Harris noted that a married husband and wife both at age 65 each have a substantially higher chance of living to a given age than if they were single. Citing figures from Vanguard’s life expectancy tool, he said a 65-year-old man has an 80% chance of living at least another decade, a 41% chance of surviving for two more, and a 6% chance for three. A woman of the same age, he said, faces probabilities of 85%, 53%, and 13%, respectively.
But for couples at that age, the chance of at least one partner surviving another decade is 97%; for two decades, it’s 72%, and 18% for three decades.
“[T]hinking in “probabilistic” terms doesn’t just mean spending retirement assets more slowly,” Harris stressed. Since there’s a 32% probability that at least one member of a retirement-age couple will pass away over the next decade, it may be worth considering whether they should spend more of their hard-earned savings to enjoy their time together.
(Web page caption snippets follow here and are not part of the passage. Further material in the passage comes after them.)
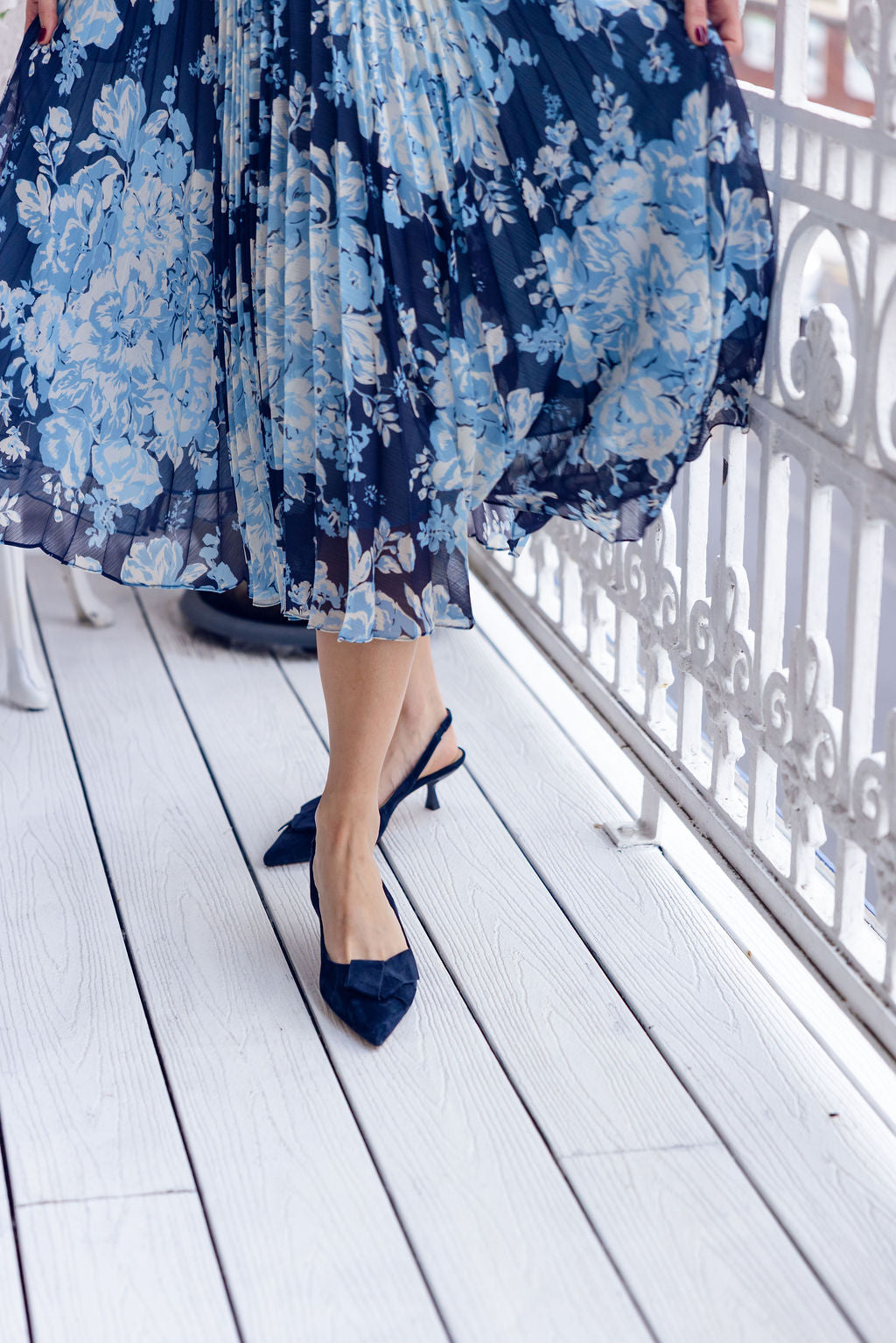 Blu Tie Sling-Pumps
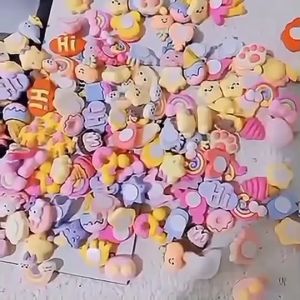 สติ๊กเกอร์เรซิ่น ลายการ์ตูน 3D คละลายไม่ซ้ำ ติดรองเท้า แก้วน้ำ ติดขวด กล่องปากกา นาฬิกาปลุก ของใช้ต่างๆ สติกเกอร์การ์ตูนแบบนูน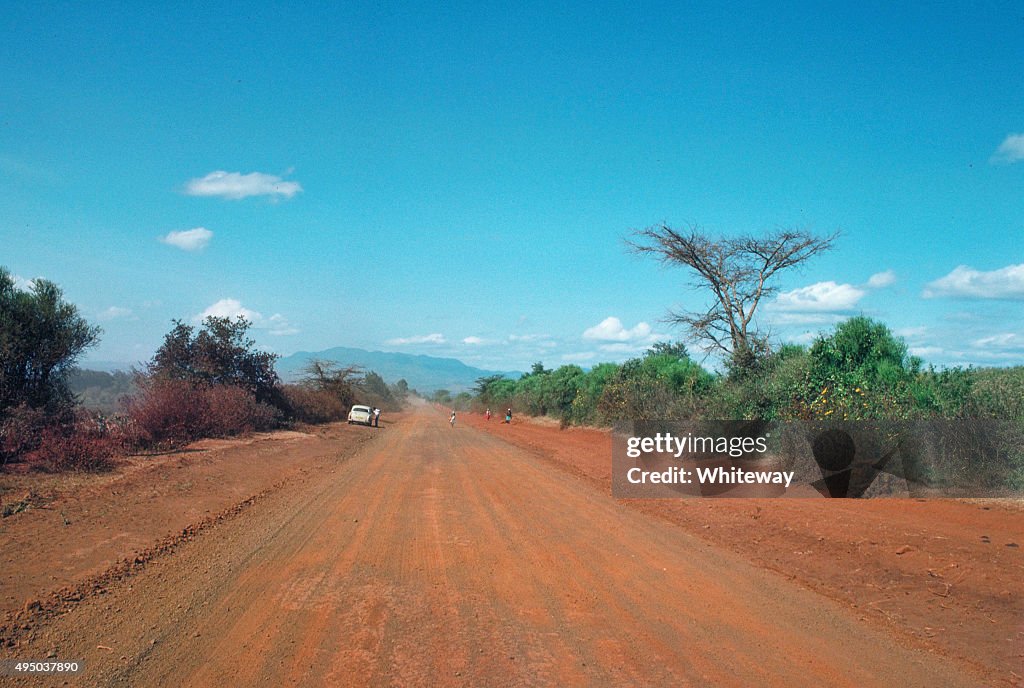 Schotterstrecke, Meru Kenia 1958 Mercedes 180E Auto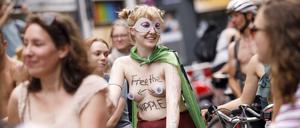 Auf dieser Demo einige Tage nach dem Vorfall in der "Plansche Plänterwald" wurde freies Geleit für freie Oberkörper gefordert.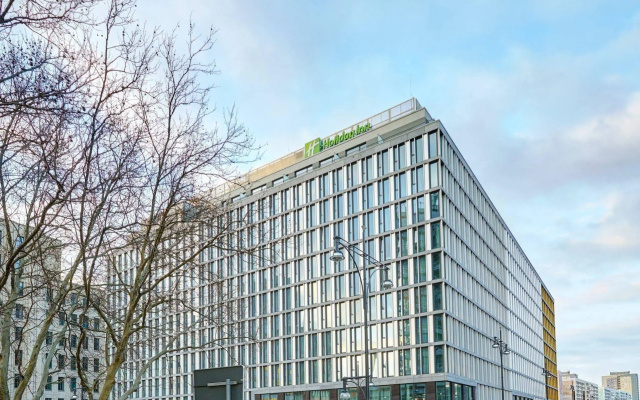 Отель Premier Inn Berlin Alexanderplatz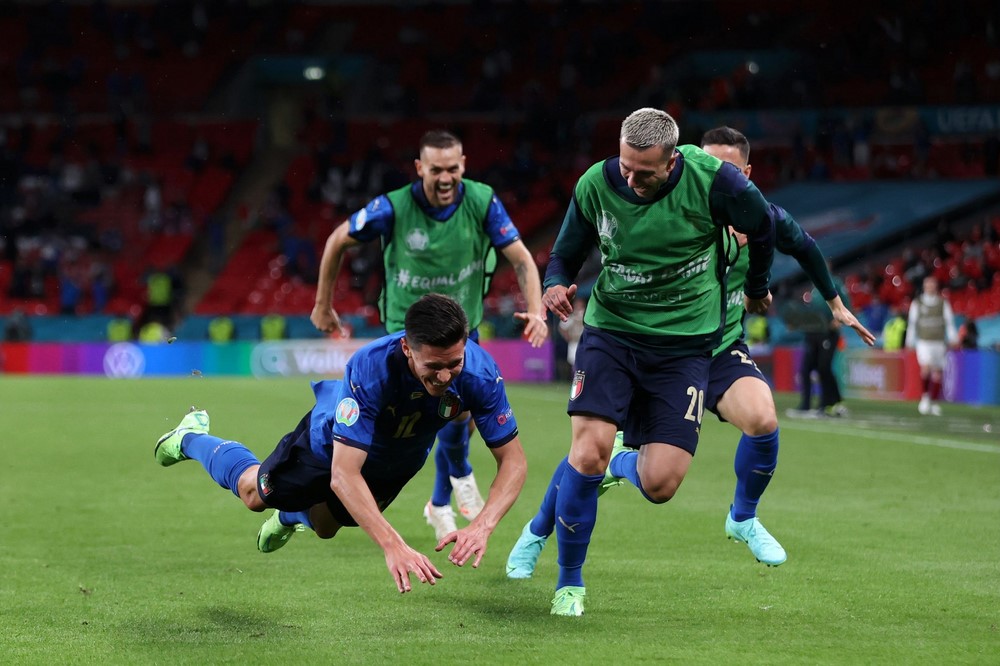 Abataliyani bari mu makipe ahabwa amahirwe basazwe n'ibyishimo nyuma yo gukatisha itike yo gukina imikino ya 1/4 cya Euro 2020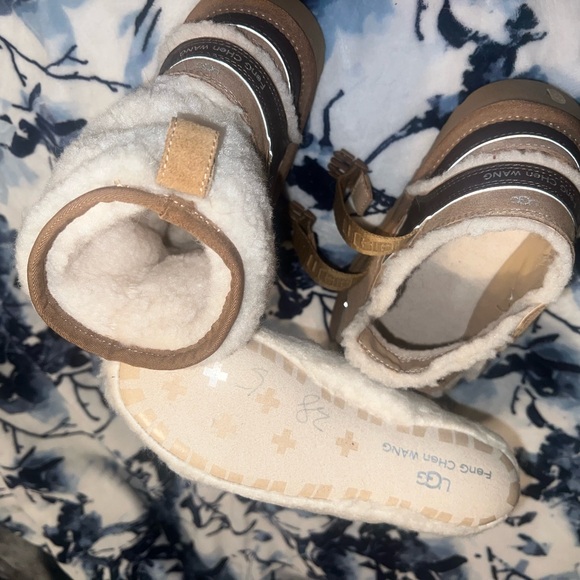 Exclusive feng uggs - Picture 5 of 6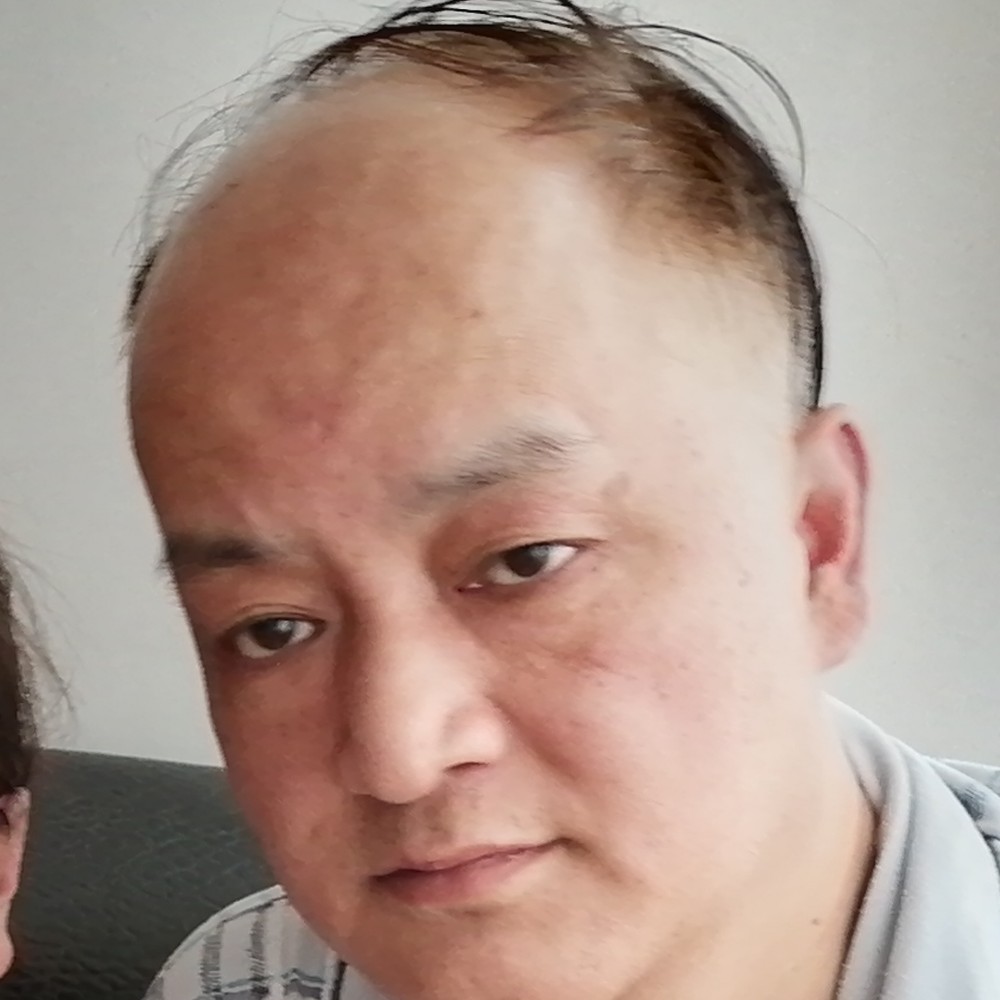 河马闻单纯的照片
To improve the chances of a sound retirement, he said, staying for even just six months longer in the workforce could have a considerable effect. Another popular choice among academics focused on retirement — though not as well-known among consumers — is deferred annuities that take effect at more advanced ages, possibly around 80 or 85.
“It’s one thing to tell a married 65-year-old couple that the husband can expect to live to age 83 and the wife to age 86,” Harris said. “It’s another thing to tell them they have about a one-in-five chance to see at least one member live to age 95.”